MISS MARIE LL0YD RETURNS - HER INTERVIEW WITH MR. KRUGER
(The Daily Mail [London] - 24th May, 1897)

(The Daily Mail [London] - 24th May, 1897)
MISS MARIE LL0YD RETURNS
HER INTERVIEW WITH MR. KRUGER
("Daily Mail" Special.)

Any one not aware of the reason for the scene which occurred at Waterloo yesterday might easily have imagined the wild excitement to be due to the arrival of a party of Royal visitors for the Jubilee. The occasion was the home-coming of Miss Marie Lloyd, who has been filling a short but splendidly successful season in South Africa.

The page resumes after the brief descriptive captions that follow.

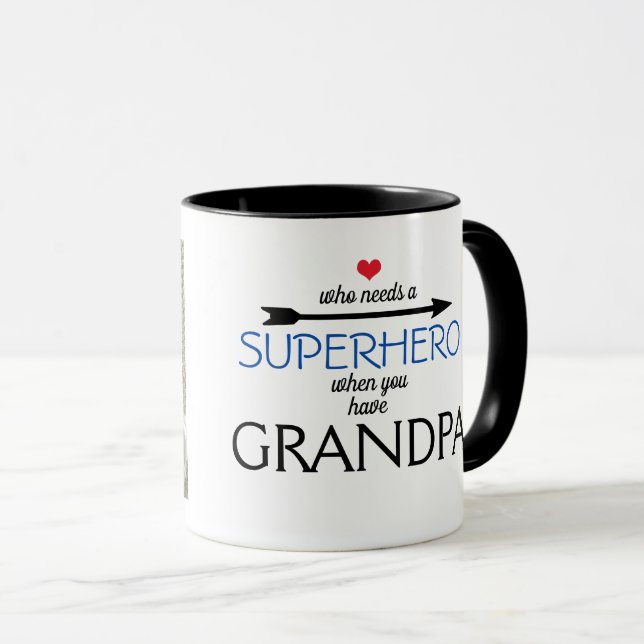 Who needs a SUPERHERO when you have GRANDPA mug (Front Right)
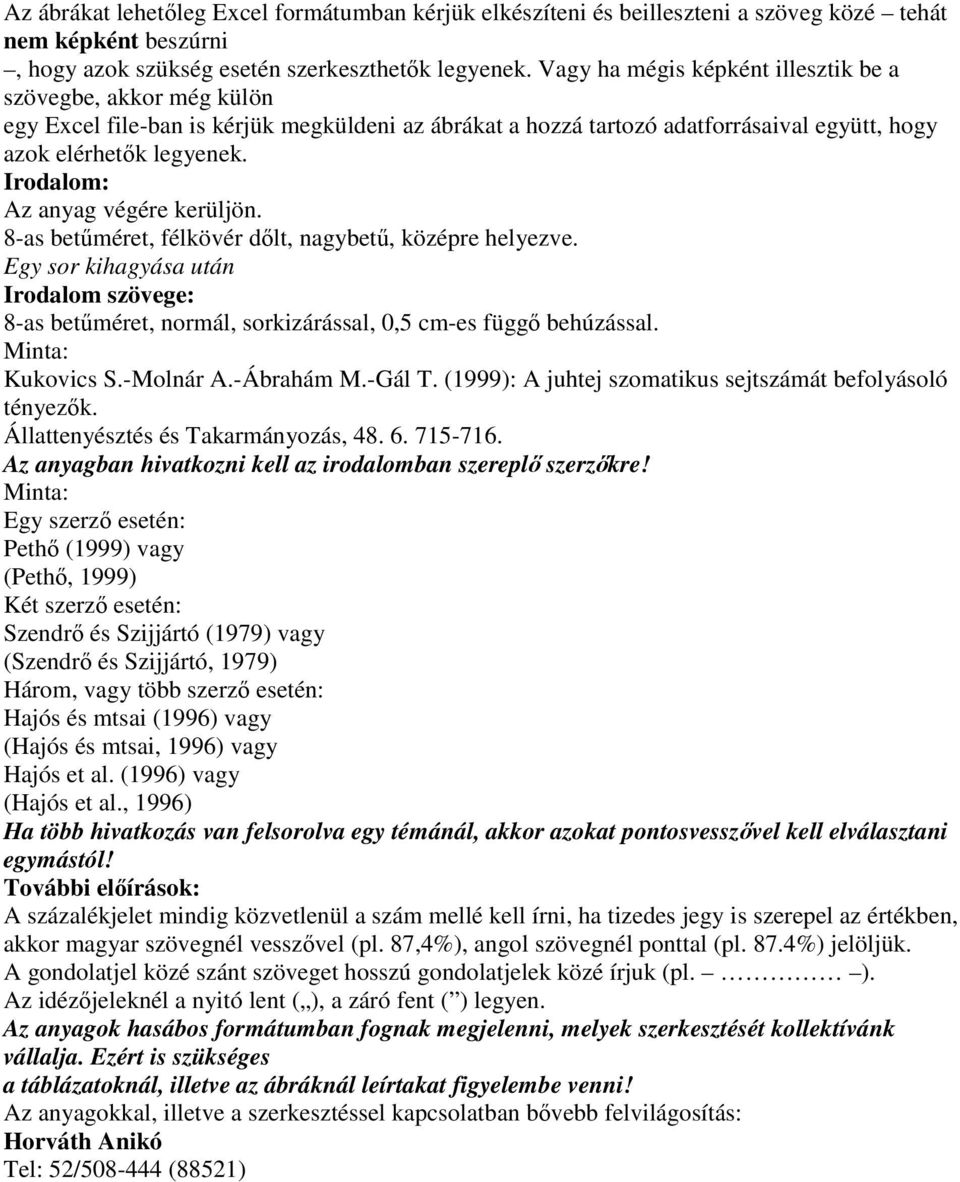 Irodalom: Az anyag végére kerüljön. 8-as betőméret, félkövér dılt, nagybető, középre helyezve. Irodalom szövege: 8-as betőméret, normál, sorkizárással, 0,5 cm-es függı behúzással. Minta: Kukovics S.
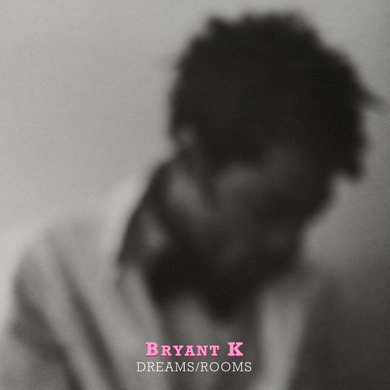Bryant K - Dreams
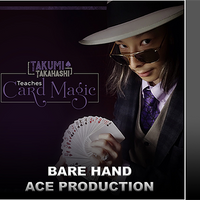 Takumi Takahashi Teaches Card Magic - Bare Hand Aces Production video DOWNLOAD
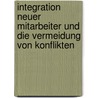 Integration Neuer Mitarbeiter Und Die Vermeidung Von Konflikten by Sabrina Seidl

It was nearly at quarter-past one when the special bearing the passengers from the S.S. Tartar was sighted in the offing, and at that time some hundreds of people were gathered on the platform. As the engine-entered the dock an enthusiastic relative of the distinguished variety artiste said, "Get together, boys, and give her a cheer," and a few seconds later the lady who has given to a grateful world many such enduring classics as "Oh, Mr. Porter " and "Johnny Jones" swept by in the fore-end of a saloon car. If there was excitement at the moment it was increased fiftyfold as the eminent artiste, with an exclamation of delirious joy, jumped from the platform of the coach into the eager arms of the enthusiastic relative aforesaid.

For half an hour the scene was too touchingly beautiful to be profaned by description. To the bewildered senses of a callous journalist it seemed that a plump, golden-haired lady in sailor rig was rushing around bestowing hysterical caresses on all within hugging range. Thirty-seven resounding kisses jarred the glass roof of the station inside of twenty-three seconds, which, it seems, dislocates the previous record by a second and two-fifths.

But amid that scene of frenzy one remained calm and unhugged. His heroic figure, drawn to its full height, and his classical features fixed with the immobility of a Roman statue, he looked without a quiver upon the spectacle of wholesale osculation. Then, advancing proudly to the little lady-with the golden hair, he-said, "What ho, Marie - do you speak Johannesburg?" It is, perhaps, superfluous to state that the original of the picture was Mr. Daniel Leno. Then amid a riot of happy words an adjournment was made to the refreshment room.

Later in the day a representative of the "Daily Mail" saw Miss Marie Lloyd at her suburban home, and there gathered that the two months season at the Empire, Johannesburg, had been an unqualified success.

"My nervousness on the opening night," said the lady, "was awful, but I explained that to the house, and had to sing six songs afterwards. South African politics? Oh, I never worry about politics. I've got something much more important than that to think of. But I saw President Kruger at Pretoria, and we had quite a nice chat. There's a general notion out there that our little interview has settled all international difficulties. I asked him how he was, and he replied, 'Oh, going strong,' or words to that effect. Then I tried to get out of him why he didn't do the square thing by the Uitlanders, and give them their Aliens, Immigration Act and close their Drifts and things, or whatever it was the Uitlanders wanted, and he said if I asked Johnny Jones I should know, see? He rather got on me, didn't he?"

"The people out there, are immensely good. Come and see all the presents they made me. Why, to tell you the truth, I didnt want to come home, but it's nice to be back again all the same. In '99 I return, and before that I shall go to Australia."

Miss Marie Lloyd will appear at the matinee to be given at the Royal Holborn, today, in aid of the Prince of Wales's Fund, and in a fortnight she will resume duty at five halls. She has no intention, at present at all events, of lecturing in the meantime on South African politics.